Den ersten Wermutstropfen konnte man schmecken, als ewig nicht in Erfahrung gebracht werden konnte, ob der Notfahrplan über den 8. Februar hinaus verlängert würde, der Lockdown wurde ja auch in die Länge gezogen. Dass nunmehr alles zu Ende sein soll - mit dem Ende der Notvergabe kann auch der Notfahrplan nicht mehr gehalten werden -, ist dann die schwere Keule, die auf die Bahnkunden niedergegangen ist.
Eine Notvergabe muss man sich so vorstellen: Der Staat kauft ein Ticket für den ganzen Zug, wer mitfahren will, bezahlt den Ticketpreis an den Staat. Da zeigen sich dann die Unterschiede zwischen ÖBB und Westbahn. Wer öfter mit den ÖBB fährt, zahlt weniger, der Preis für die einzelne Fahrt wird dann billiger. Die Westbahn setzt auf den gelegentlichen Fahrgast, der mit oft erstaunlichen Preisen bedacht wird. Diese beiden Geschäftsmodelle sind schon schwer unter einen Hut zu bringen.
Dazu kommt dann noch, dass die ÖBB nicht nur die profitable Westbahnstrecke betreiben, sondern auch andere, weniger gewinnbringende Verbindungen. Auch Strecken, die eine Zubringerfunktion für die Verbindung Wien-Salzburg haben - und damit auch für die Westbahn.

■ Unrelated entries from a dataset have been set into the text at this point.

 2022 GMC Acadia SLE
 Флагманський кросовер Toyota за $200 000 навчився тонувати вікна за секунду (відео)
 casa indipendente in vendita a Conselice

Nur: Das alles war ja auch vorher schon bekannt. Im Idealfall hätte man, an die Vorarbeiten zum 1-2-3-Ticket anknüpfend, die Notvergaberichtlinie anpassen können. So könnte man den Notfahrplan langsam zu einem Instrument ausbauen, das den Anforderungen gerecht würde. Für jemanden, der öffentliche Verkehrsmittel beruflich oder geschäftlich nutzt, ist der Fahrplan ein Instrument, auf das man sich verlassen kann. Die Verunsicherung, die jetzt Platz greift, lässt genau dieses Vertrauen schwinden.

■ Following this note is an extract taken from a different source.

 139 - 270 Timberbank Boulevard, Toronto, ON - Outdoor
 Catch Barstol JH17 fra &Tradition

Nun die jüngste Pressekonferenz des ÖBB-Generaldirektors zum Anlass zu nehmen, die Vergabe und den Fahrplan zum Kippen zu bringen, zeigt eigentlich nur eines: Der öffentliche Nahverkehr wird als Folklore auf die Schiene gebracht. Nicht als Paarlauf, sondern als Watschentanz.